> **AIM OF THE TASK**
Transcribe only the part of the material below that begins at the line containing "Heeled flats- Silver Sparkly" and ends at the line containing "cactus cropped shirt ; worn once", with both kept and images left out.

> **GIVEN RECORDS**

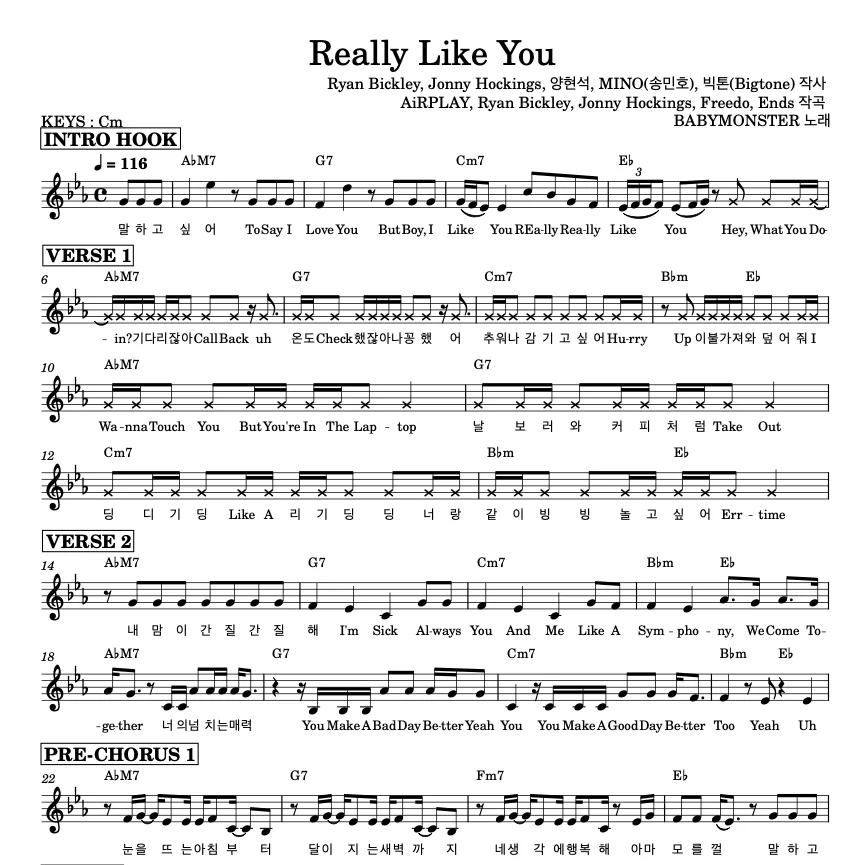 really like you - babymonster by 피아노 연구소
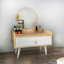 Table de maquillage élégante avec miroir, blanc et saphir, 23,6 po x 16,0 po x 35,4 po | 100% panneau de particules enduit de mélamine, épaisseur: 0,7 pouce | Conception élégante et fonctionnelle pour les chambres à coucher modernes et les espaces 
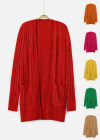 Wholesale Women's Plain Long Sleeve Fuzzy Knit Cardigan - Liuhuamall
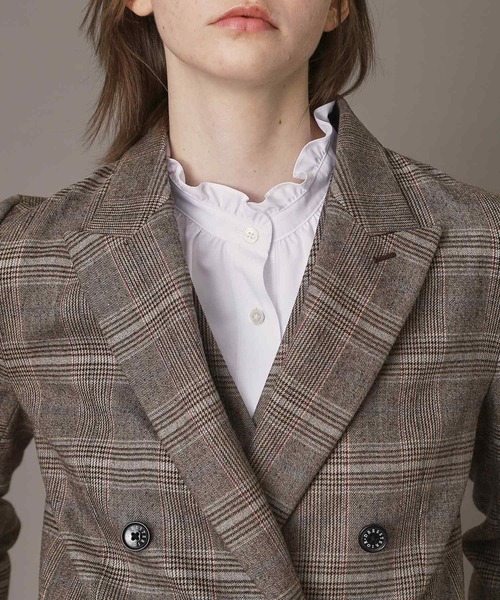 DRESSTERIOR（ドレステリア）の「【otonaMUSE 11月号掲載】サキソニーグレンチェックジャケット（テーラードジャケット・レディース・ダークブラウン系1・34/38/36）」の15枚目の写真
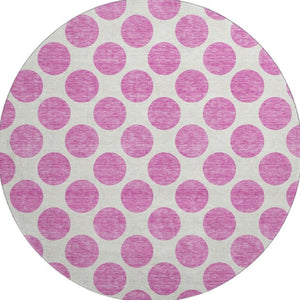 HomeRoots 8' Blush and Ivory Polka Dot Rug - Washable, UV Protected, Durable, Perfect for Family Spaces! 677372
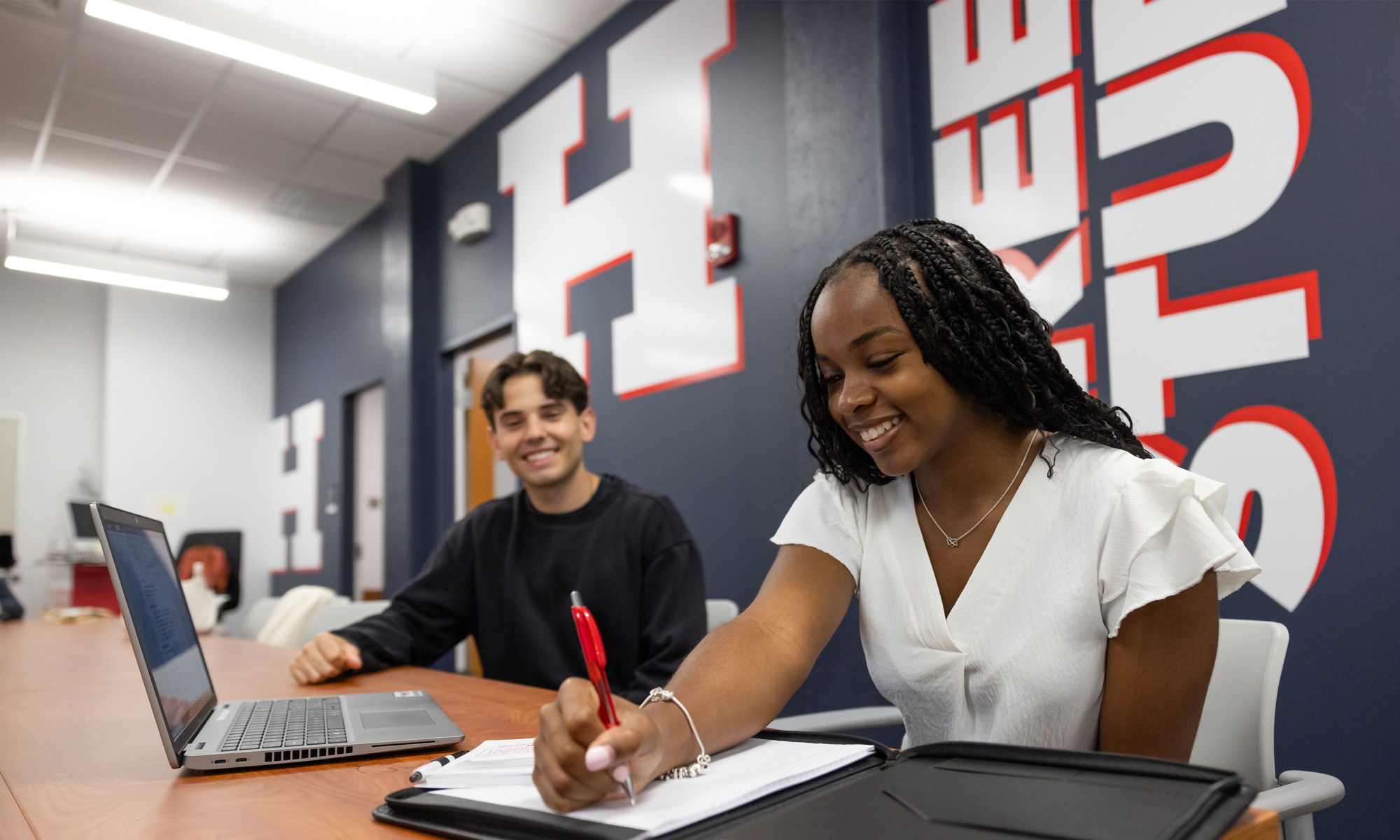 Students in the career studio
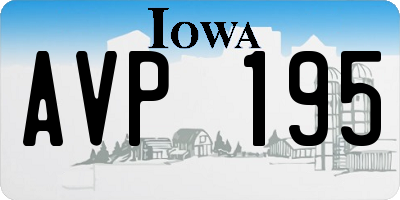 IA license plate AVP195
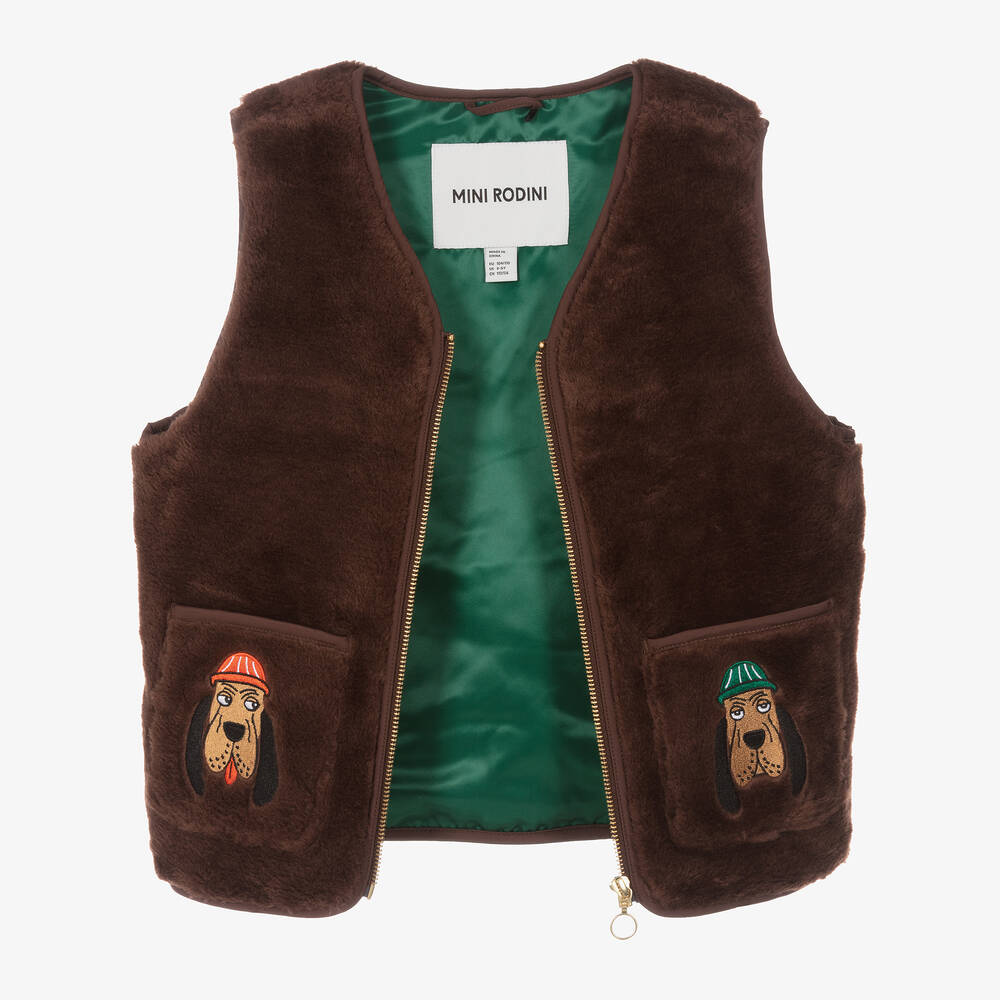 Mini Rodini-Brown Faux Fur Hound Dog Gilet | Childrensalon Outlet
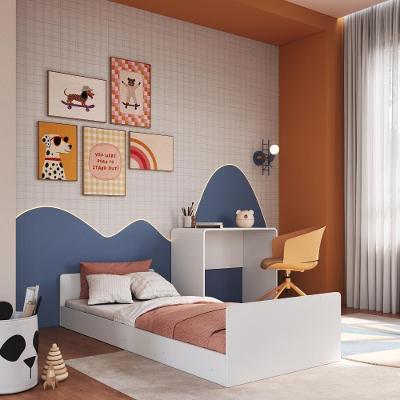 Cama Infantil Montessoriana Cama Infanto Juvenil com Escrivaninha Integrada MDP Branco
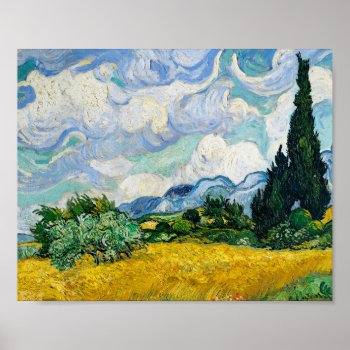 Van Gogh Wheat Field With Cypresses Landscape Poster by LitleStarPaper at Zazzle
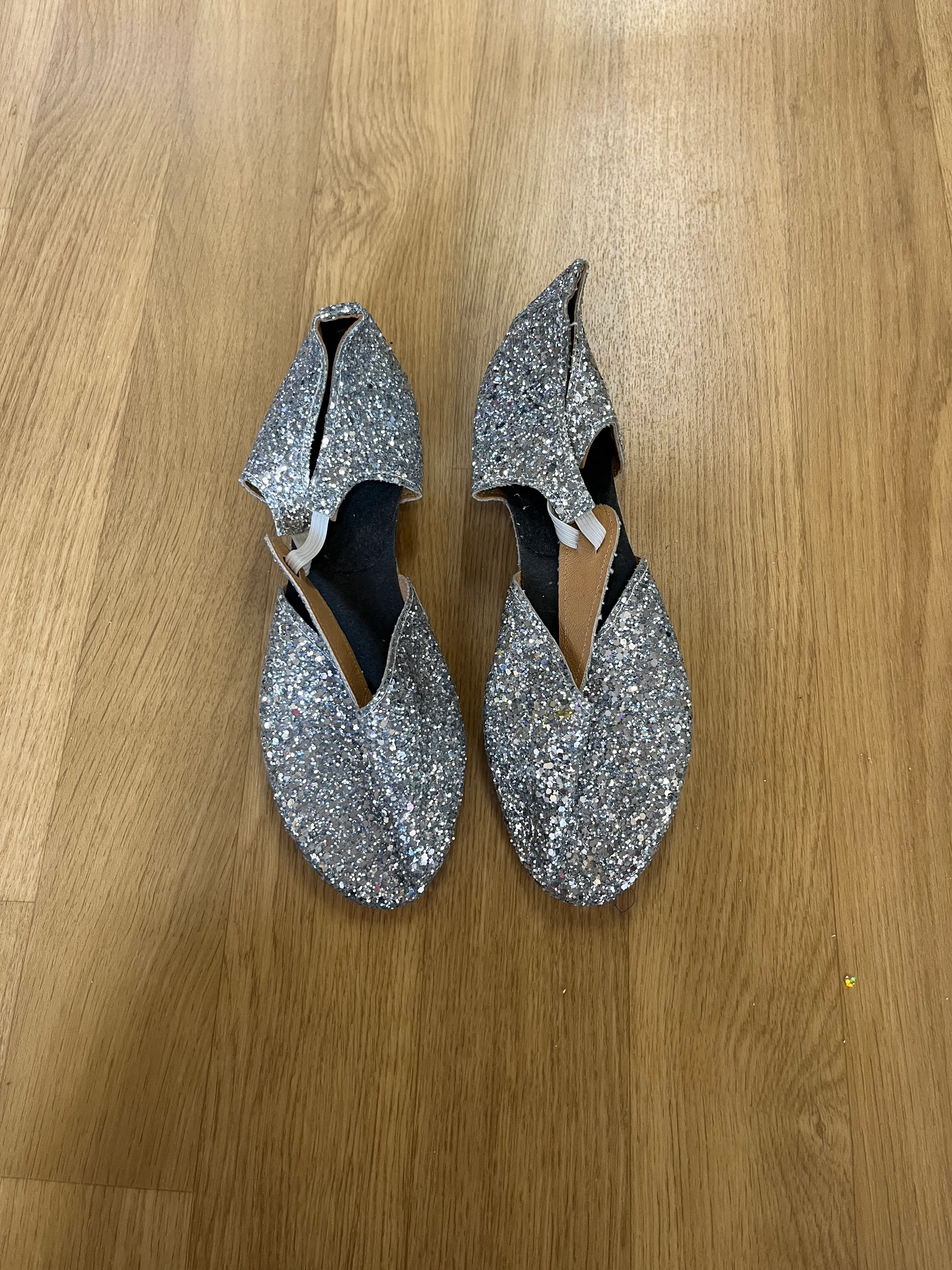 Heeled flats- Silver Sparkly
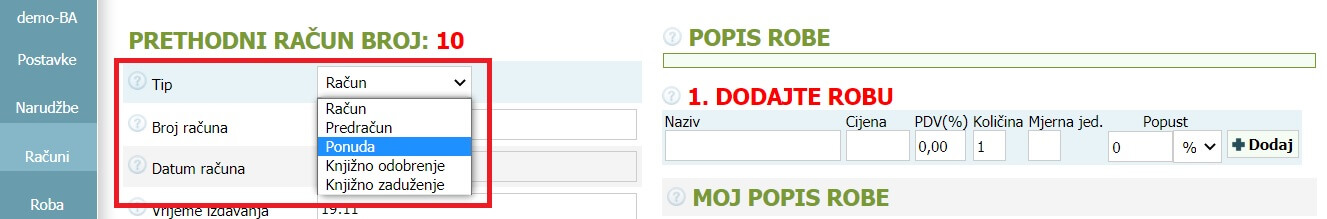 Kako izraditi ponudu
Kako izraditi ponudu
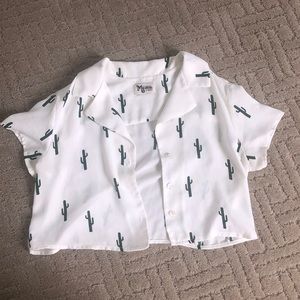 cactus cropped shirt ; worn once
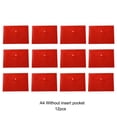 thumbnail image 3 of 12 Pcs A4 Plastic Envelopes Waterproof Clear Document File Pocket Multifunction Popper Folders Tutorial Organizer Pouch Bag School Office Supplies Red, 3 of 9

> **EXPECTED ANSWER**
 Heeled flats- Silver Sparkly
 Kako izraditi ponudu
Kako izraditi ponudu
 cactus cropped shirt ; worn once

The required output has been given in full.